Farbfund in Deutschland: Das früheste Blau in Europas Geschichte

Wildpferde, Wisente und Hirsche preschen in roten, schwarzen und braunen Tönen über die Wände europäischer Steinzeithöhlen. In Grün oder Blau ist kein einziges dieser Tiere gezeichnet, als ob die Jäger und Sammler vor bis zu 40 000 Jahren keine anderen Farben gekannt hätten. Möglicherweise war das aber nicht der Fall, wie ein Steinartefakt aus dem hessischen Mühlheim am Main nahelegt. Archäologen um Izzy Wisher von der Universität Aarhus haben auf dem handtellergroßen Stein mutmaßlich Spuren des blauen Minerals Azurit entdeckt. Mit einem Alter von ungefähr 13 000 bis 14 000 Jahren liefere das gewölbte Artefakt den bislang frühesten Nachweis für die Verwendung blauer Pigmente in Europa, schreiben die Forschenden in »Antiquity«.
Archäologen fanden den Stein bereits in den 1970er Jahren bei Grabungen an einem Lagerplatz steinzeitlicher Jäger und Sammler im Stadtteil Mühlheim-Dietesheim. Doch erst jetzt entdeckten Wisher und ihre Kollegen darauf blaue Farbspuren. Ob die Pigmente tatsächlich aus der Altsteinzeit stammen und kein Schmutz jüngeren Datums sind, prüften sie mithilfe der Röntgenfluoreszenz und diverser Spektrometriemethoden. Außerdem analysierten sie den Fund im Elektronenmikroskop. Wie sich dabei herausstellte, basieren die blau gefärbten Stellen auf Kupfer und stammen nach Ansicht der Forscher nicht von moderner Farbe. Vielmehr würden die Pigmente, die ausschließlich an der Innenseite des gewölbten Steins haften, vom Mineral Azurit herrühren, einem Kupferkarbonat. Azurit mit derselben Isotopensignatur wie in den Resten auf dem Steinartefakt gebe es auch in der Umgebung von Mühlheim-Dietesheim. Die Menschen der Altsteinzeit hätten ihn also in der Nähe ihres Lagerplatzes aufsammeln können.
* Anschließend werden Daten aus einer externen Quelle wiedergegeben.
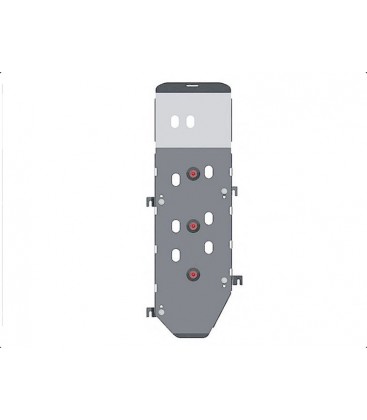PLANCHAS PROTECCION DE BAJOS SHERIFF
Wofür sie das blaue Pigment nutzten, ist noch unklar. Der Stein selbst diente vielleicht als Farbpalette, auf der der Azurit zu Pulver zerrieben wurde. Generell scheinen die Europäer der späten Altsteinzeit den blauen Stoff selten verwendet zu haben, obwohl das Mineral leicht zu beschaffen war – jedenfalls gibt es kaum entsprechende Funde. Oder, so vermuten die Archäologen um Wisher, die einstige Nutzung ist nicht überliefert. Das Pigment könnte zur Bemalung von Körper oder Kleidung gedient haben.
Ältere Hinweise auf blaue Farbstoffe als in Mühlheim-Dietesheim haben sich am Rand von Europa und außerhalb davon erhalten. An Figurinen aus Sibirien, die ungefähr 19 000 bis 23 000 Jahre vor heute gefertigt wurden, fanden sich blaue Pigmentspuren. Zudem verarbeiteten Menschen schon vor rund 34 000 Jahren so genannten Färberwaid, wie das Fachjournal »Science« berichtet. Fachleute fanden Fasern der Pflanze an Reibesteinen aus Georgien. Ob diese als Farbpigmente oder zu medizinischen Zwecken verwendet wurden, ist unklar. Zum Verzehr taugte der bittere Färberwaid aber wohl nicht.